Los rayos del sol se filtraron por las ventanillas cuando el jet de dieciséis plazas perteneciente a la corporación atravesó el banco de nubes y enfiló hacia el noreste rumbo a Berlín. El vuelo duraría noventa minutos.
Joanna se reclinó en su asiento y cerró los ojos un momento, aliviada. Suiza, con toda su belleza, quedaba atrás. A esa misma hora, mañana, estaría en el aeropuerto de Tegel, Berlín, a punto de abordar el vuelo a Los Ángeles.
Al otro lado del pasillo, Elton Lybarger dormía apaciblemente.
Si le preocupaban los acontecimientos que tendrían lugar ese día, no se le notaba. El doctor Salettl, con el rostro macilento y ojeroso, estaba sentado frente a Lybarger escribiendo en su cuaderno de tapas de cuero negro. De vez en cuando levantaba la mirada para conversar con Uta Baur, que había viajado desde una exposición en Milán para acompañarlos a Berlín. En los dos asientos detrás de ella, los sobrinos de Lybarger, Eric y Edward jugaban una partida de ajedrez en silencio y con asombrosa rapidez.
La presencia de Salettl turbaba a Joanna como de costumbre y comenzó a pensar deliberadamente en Kelso, el cachorro San Bernardo que Von Holden le había regalado.
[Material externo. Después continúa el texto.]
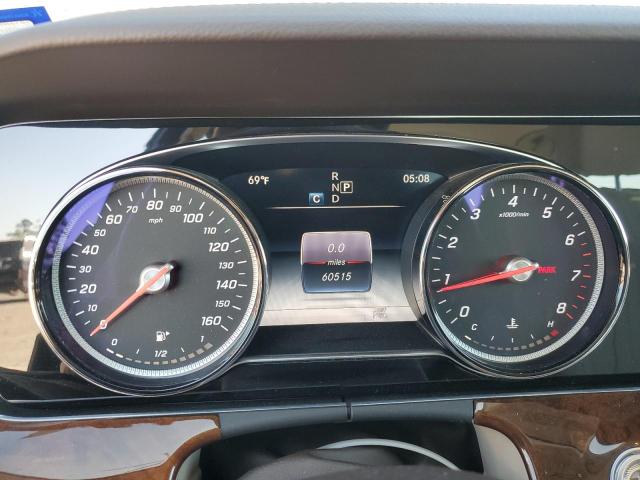 2017 MERCEDES-BENZ E 300 - WDDZF4JB9HA288335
Aquel regalo había puesto fin al episodio de su insospechado e involuntario protagonismo en los análisis médicos de Elton Lybarger. Había dado de comer a Kelso, lo había paseado y luego lo besó al despedirse. Mañana volaría directamente de Zúrich a Los Ángeles donde lo guardarían durante algunas horas hasta que ella llegara. Luego volarían rumbo a Alburquerque. Tres horas después estarían en casa en Taos.
Después de ver el vídeo, lo primero que se le ocurrió a Joanna fue hablar con un abogado y demandarlos. Pero luego pensó ¿para qué? Una demanda legal sólo perjudicaría al señor Lybarger e incluso podía procurarle serias repercusiones físicas, sobre todo si se prolongaba. Así que no lo haría, porque sentía un gran afecto por él y además porque los dos habían sido igualmente víctimas. Al descubrir la trama del vídeo, Lybarger se había mostrado igualmente horrorizado. Joanna sólo quería salir de Suiza lo más rápido posible y pensar que no había ocurrido nada de eso. Después había venido Von Holden con el cachorro y sus sinceras disculpas acompañadas al final de un talón por una exorbitante suma de dinero. La corporación presentaba sus disculpas y lo mismo hacía Von Holden. ¿Qué más podía pedir ella?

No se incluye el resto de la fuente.